Who to watch: Gophers forward Amanda Kessel sat out the entire international season because of a lower-body injury but is expected to be at full strength in Sochi. She’s likely to team with Brianna Decker and Kendall Coyne on a line that has been called the fastest in the world. Goaltenders Jessie Vetter and Molly Schaus have been equally solid.
History: Since Nagano, the Americans have lost to Canada in the gold medal game in 2002 and 2010 and won bronze in ’06.
SILVER MEDAL CANADA
Five-time Olympian Hayley Wickenheiser will carry Canada’s flag in the Opening Ceremony. But can she carry her team to a fourth consecutive gold medal? In the nation that invented the game, the unrelenting pressure to win already has claimed coach Dan Church, who quit in December and was replaced by former NHL player and coach Kevin Dineen. Wickenheiser also has been replaced as captain, by former Minnesota Duluth forward Caroline Ouellette. Canada is 4-3-1 in international play this season and went 11-18 against midget boys’ teams. The disarray — and a 1-10 record since Church’s departure — has put a rare hitch in Canada’s swagger.
Who to watch: The three oldest players on the team — Wickenheiser (35), Ouellette (34) and Jayna Hefford (36) — are among its top four scorers. Forward Marie-Philip Poulin, who scored both goals in the 2010 gold medal victory over the U.S., has missed several games because of an injury but remains one of Canada’s most dynamic players when healthy.
History: Canada has not lost a game at the Olympics since falling to the Americans in the gold medal game in 1998.
BRONZE MEDAL FINLAND
The Finns remain a notch below the U.S. and Canada in the hierarchy of women’s hockey, but they have been the most consistent of any of the nations in that second tier. Former Gophers goaltender Noora Raty, who owns NCAA records for victories (114) and shutouts (43), is the major reason why they are favored to win their third Olympic medal. Raty stopped 58 shots in an upset of the U.S. at the Four Nations Cup in November. Over the 14-year history of the women’s world championships, Finland has won 10 bronze medals and finished fourth in its other four appearances.
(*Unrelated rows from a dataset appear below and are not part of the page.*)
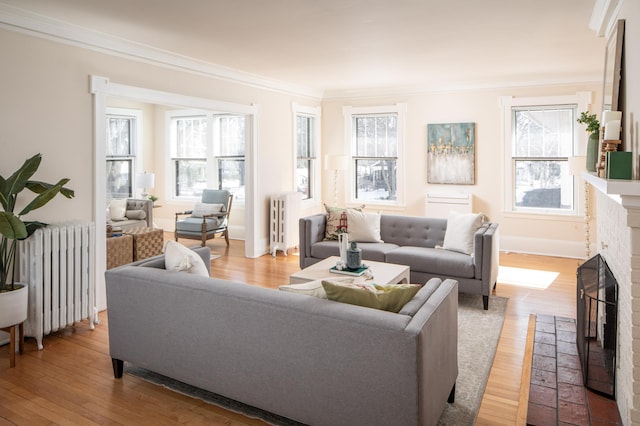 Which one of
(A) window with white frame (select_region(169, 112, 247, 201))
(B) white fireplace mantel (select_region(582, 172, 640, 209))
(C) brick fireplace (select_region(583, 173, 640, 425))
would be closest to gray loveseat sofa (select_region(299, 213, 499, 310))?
(C) brick fireplace (select_region(583, 173, 640, 425))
Who to watch: Raty may be the best goaltender in the tournament. Her former Gophers teammate, 6-foot defenseman Mira Jalosuo, currently plays pro hockey in Russia and is an experienced international player. Other current and former WCHA players on Finland’s roster include Michelle Karvinen and Susanna Tapani (North Dakota), Nina Tikkinen (Minnesota State Mankato) and Tea Villila (UMD).
History: Finland won Olympic bronze in 1998 and 2010 and was fourth in 2002 and 2006.